Соблазн для Щелкунчика - Наталья Борохова
Шрифт:
Интервал:
Закладка:
– Можете ли вы описать того, кто вас расспрашивал? – задала вопрос Елизавета.
– Конечно. Молодой, крепкого телосложения… Кажется, в красной футболке.
– Благодарю вас. А теперь у меня к вам просьба…
Молодой свидетельнице достался новый лист целлофана и синий фломастер.
Когда дверь за последним свидетелем захлопнулась, Фрик, стараясь ничем не показать свое любопытство, спросила:
– Защитник Петренко, может быть, вы объясните, наконец, что означали все ваши сегодняшние художества?
– Ваша честь! – поднялась Елизавета. – У меня единственная просьба к суду. Приобщите к материалам дела эту схему и три целлофановых листа. Причины я объясню позже.
Лицо Фрик приобрело насыщенный цвет томата.
– Я вас предупреждала, защитник. Зал судебного заседания – это вам не театральные подмостки! Мы приобщаем к материалам дела лишь то, что имеет отношение к исследуемым событиям. В данном случае мы даже не будем обсуждать ваше ходатайство, поскольку обосновывать его вы только что отказались.

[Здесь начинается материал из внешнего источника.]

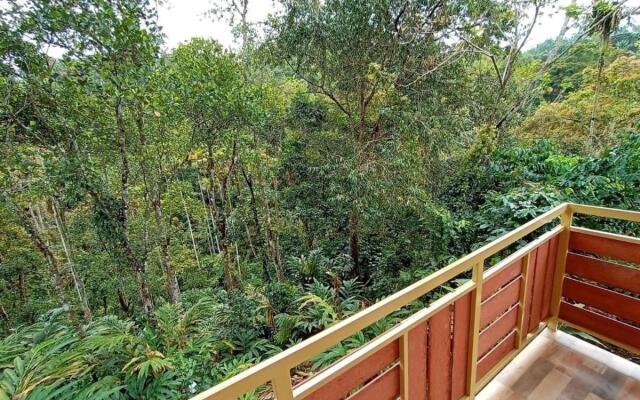 Chalona Jungle Eco Stay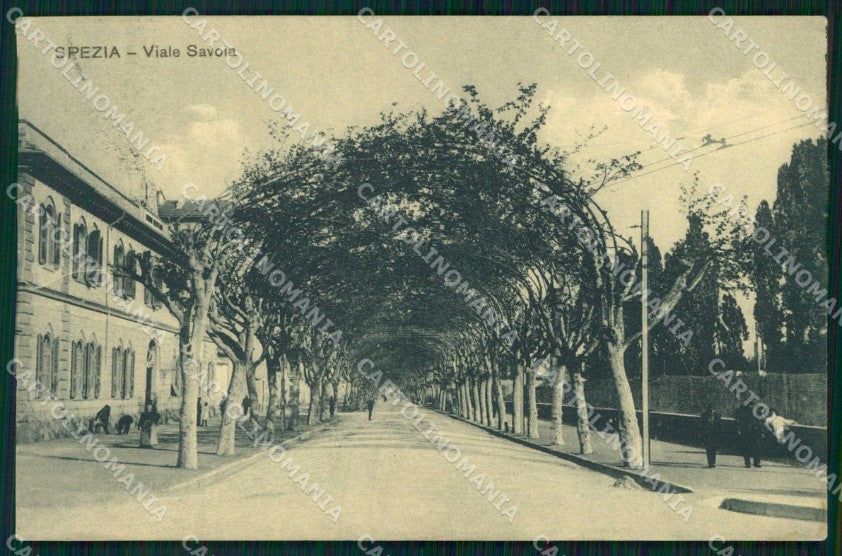 La Spezia Città Viale Savoia cartolina RB8642 – fronte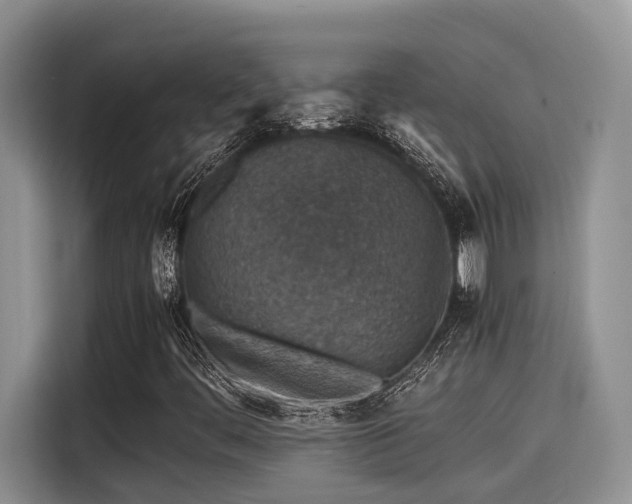 X0000115601444200911171119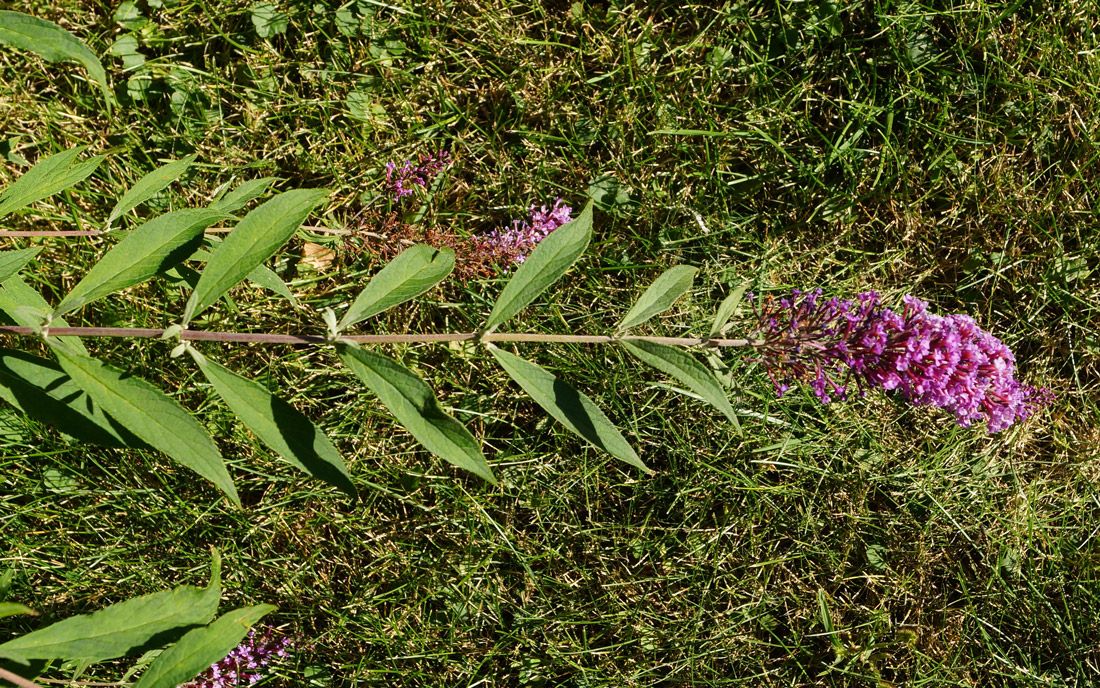 Изображение особи Buddleja davidii.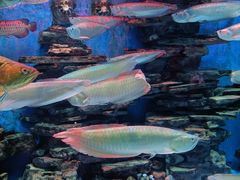 -多彩贵州城极地海洋世界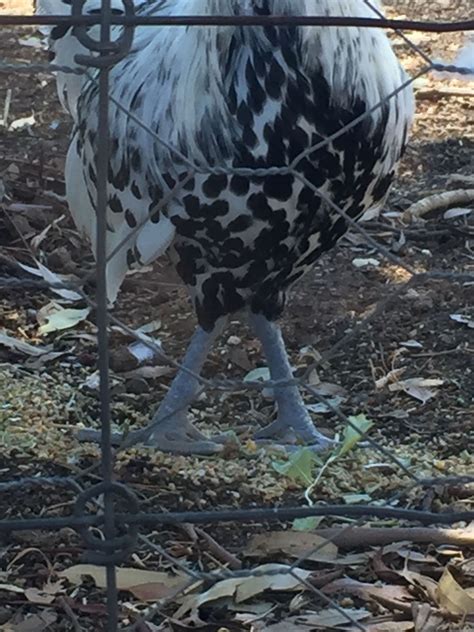 Deformed Silver Spangled Hamburg rooster | BackYard Chickens - Learn ...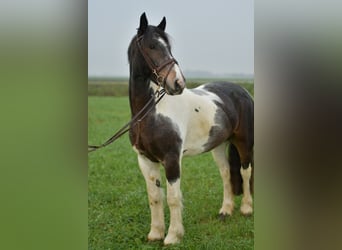 Tinker, Ruin, 6 Jaar, 153 cm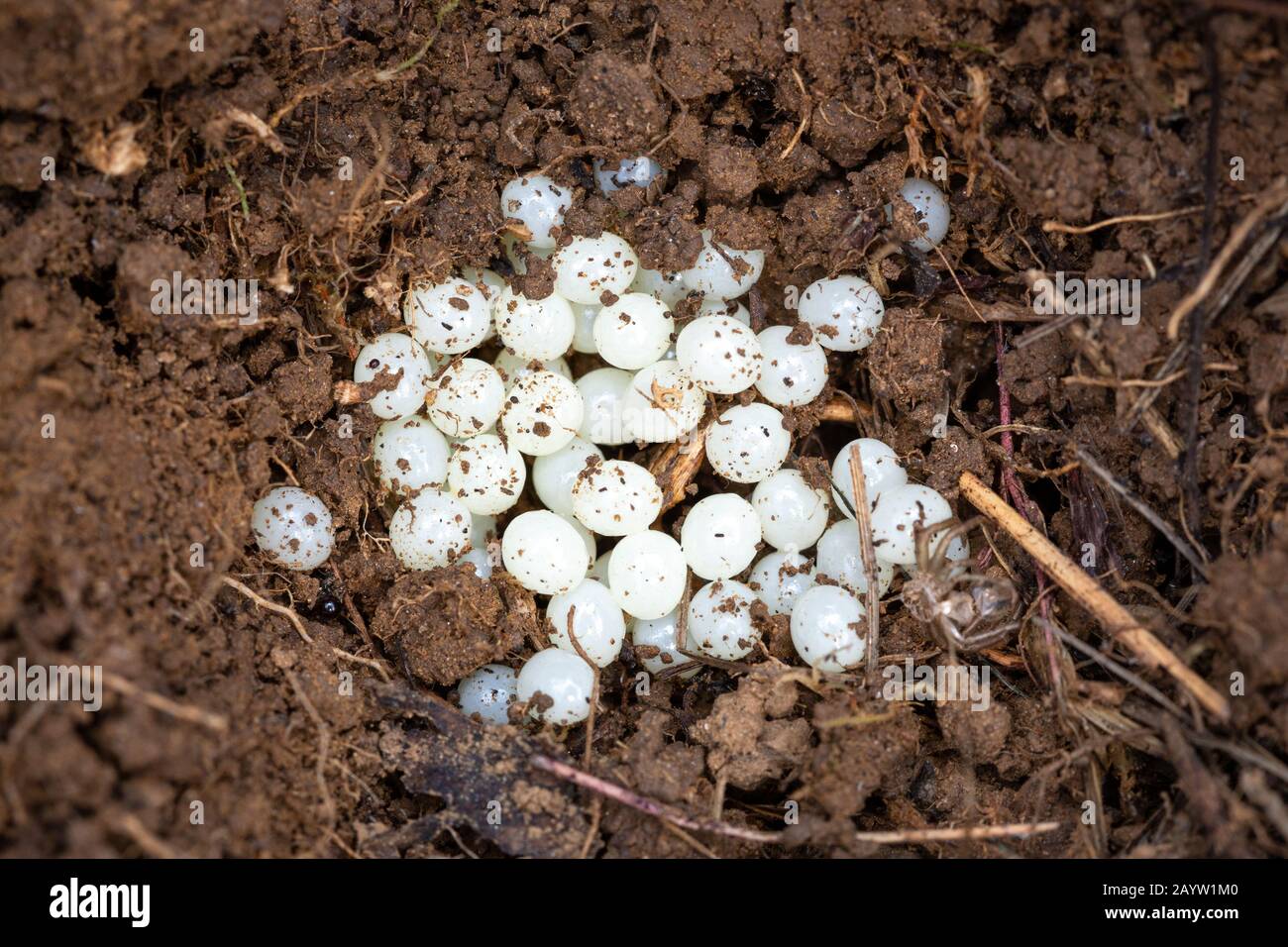 Ein Haufen weißer Eier einer Gartenschnalle - Helix Aspersa, im Boden. Stockfoto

– Ваша честь! На настоящий момент я не хотела бы раскрывать суть проведенного мной эксперимента. Я к этому не готова. Моя просьба о приобщении этого материала связана лишь с опасением, что, когда я начну анализировать показания свидетельниц, сторона обвинения может заявить, что я дома самостоятельно, собственной рукой изобразила все эти линии.
– Я не знаю, в чем суть эксперимента, – раздраженно бросила Фрик. – Но суд не пойдет у вас на поводу. Вопрос считаю закрытым.
– Ваша честь! – поднялась Савицкая, снисходительно поглядывая в сторону молодой коллеги. – У меня есть предложение. Сказать честно, нас заинтриговал эксперимент, проведенный защитником Петренко. Вряд ли в нем есть смысл, но поскольку все здесь заинтересованы в справедливом решении суда…
Савицкая просто насмехалась. Она давно убедилась, что все будет именно так, как она предполагала. Петренко и Перевалов будут осуждены к длительному сроку заключения. Возможно, пожизненному. У нее же есть хороший шанс показать, что сторона потерпевших вовсе не жаждала крови. «Понимаете, – скажет она позднее журналистам, – у нас со стороной защиты были равные права. Более того, был момент в судебном следствии, когда мы пошли им навстречу. Мы заинтересованы не в обвинительном, а в справедливом решении суда. Но не стану скромничать, мы оказались убедительнее».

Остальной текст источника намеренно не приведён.